### [Goal of the exercise]
Take the lines below from the one with "Four Points By" through the one with "Perseiden-Meteor über Veste Oberhaus, Passau" and retype them exactly. Include nothing else, and no pictures.

### [Given records]

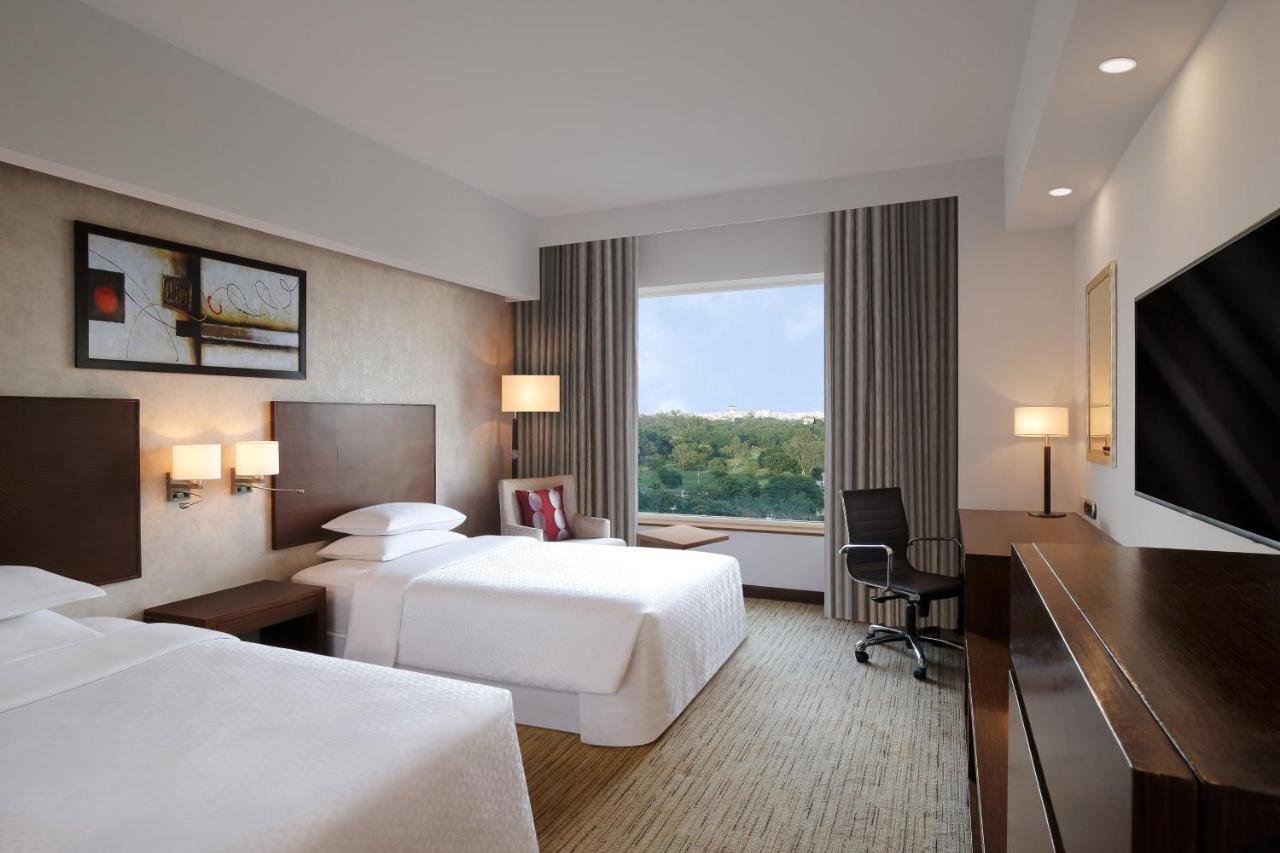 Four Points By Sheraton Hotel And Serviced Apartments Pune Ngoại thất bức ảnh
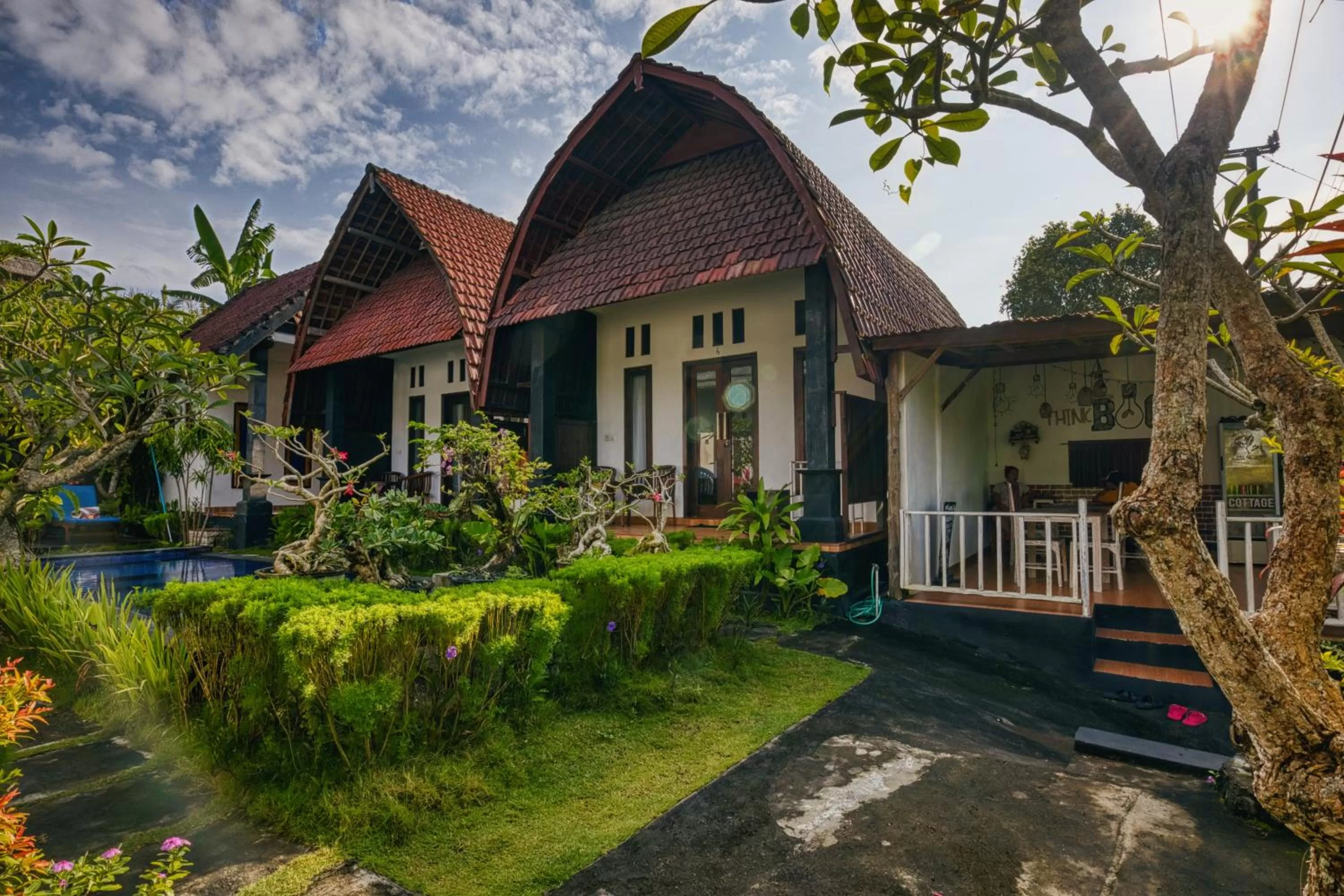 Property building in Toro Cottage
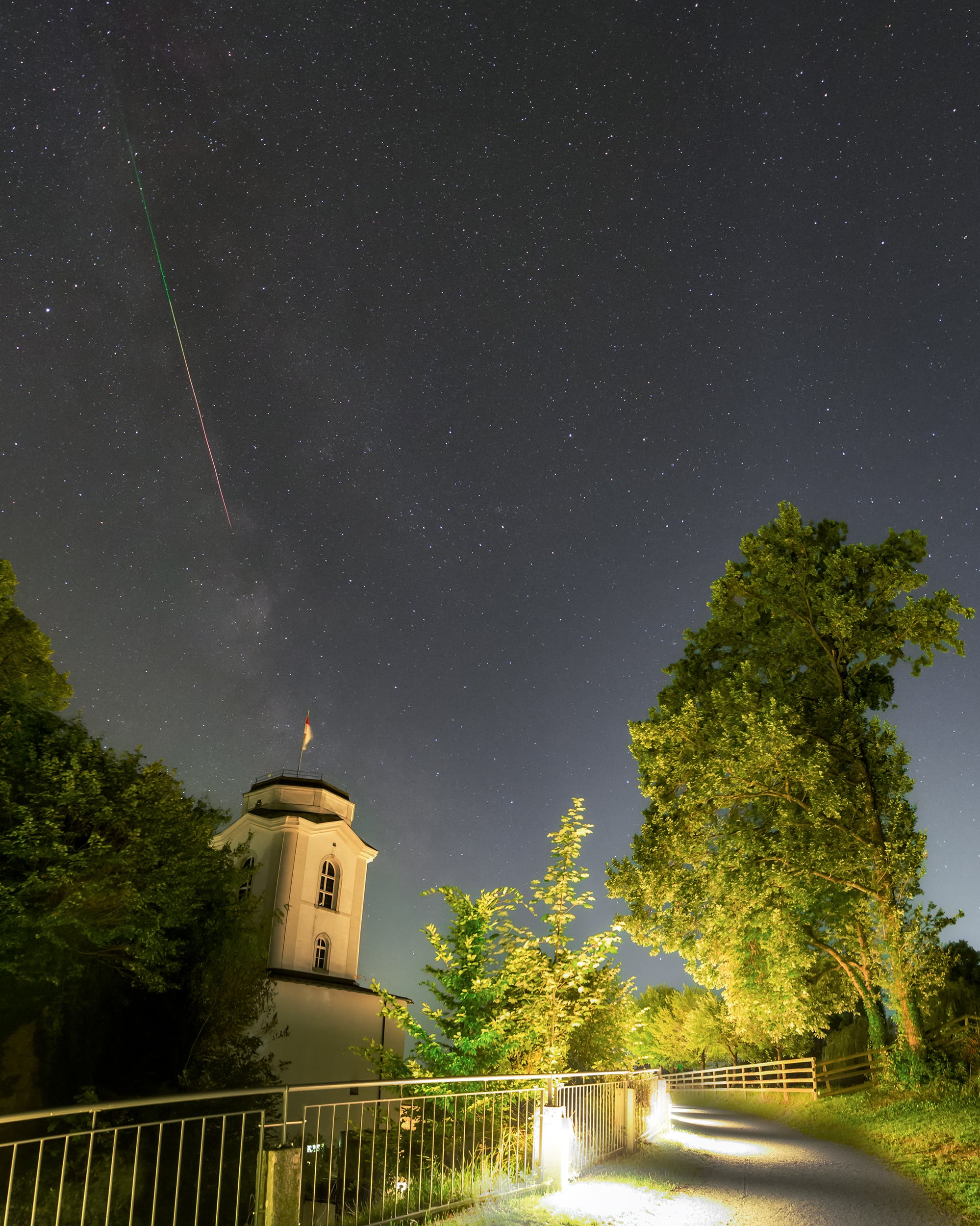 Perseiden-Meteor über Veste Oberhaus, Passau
---
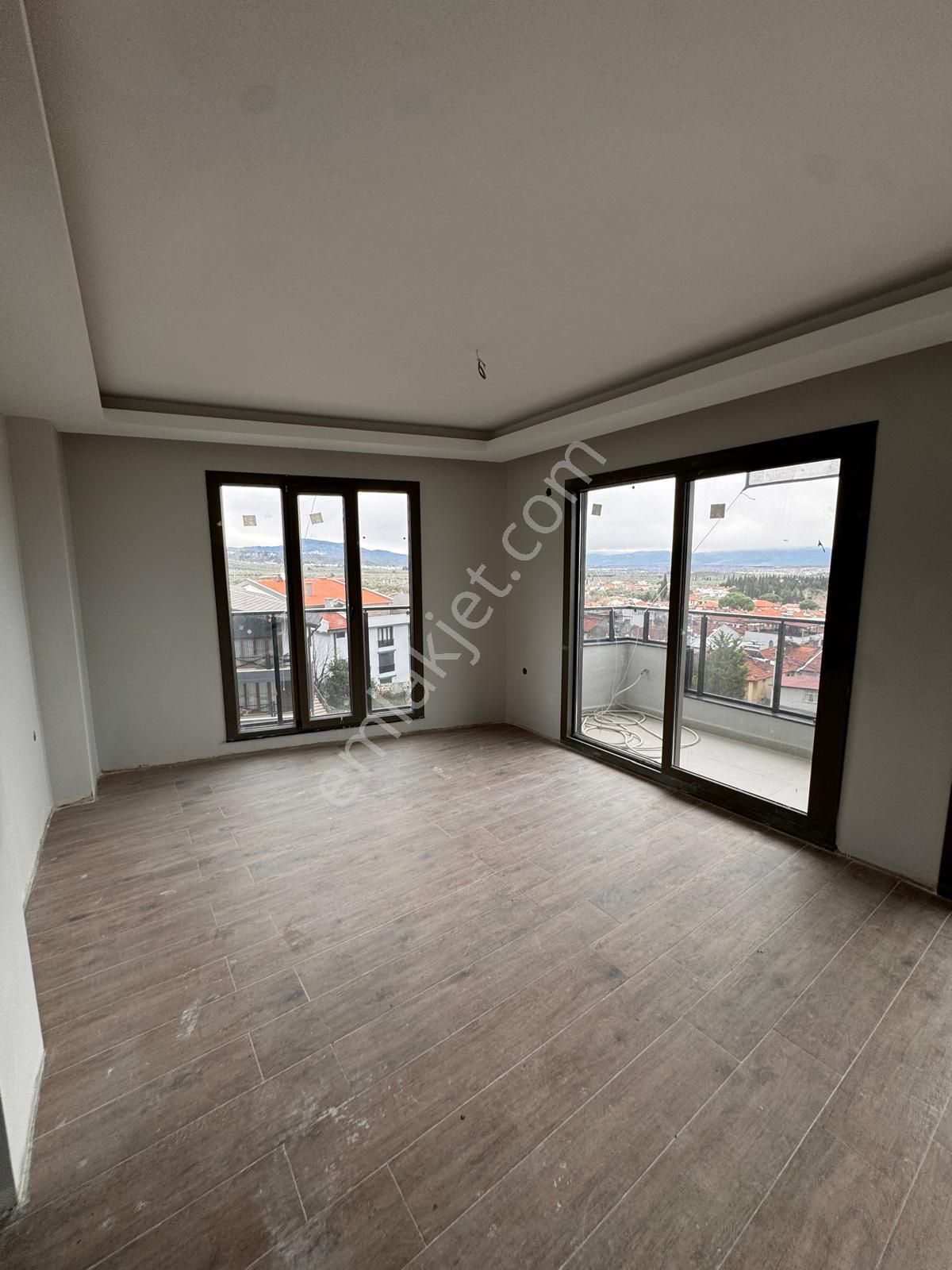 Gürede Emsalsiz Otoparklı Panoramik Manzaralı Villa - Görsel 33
==
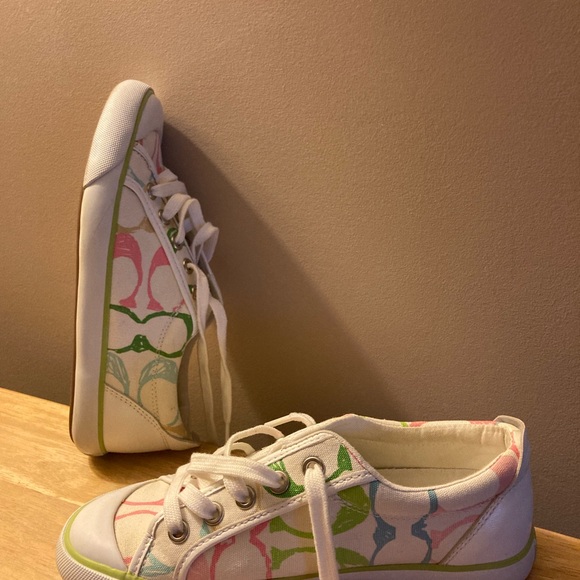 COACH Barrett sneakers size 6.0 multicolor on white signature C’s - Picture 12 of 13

### [Exercise solution]
 Four Points By Sheraton Hotel And Serviced Apartments Pune Ngoại thất bức ảnh
 Property building in Toro Cottage
 Perseiden-Meteor über Veste Oberhaus, Passau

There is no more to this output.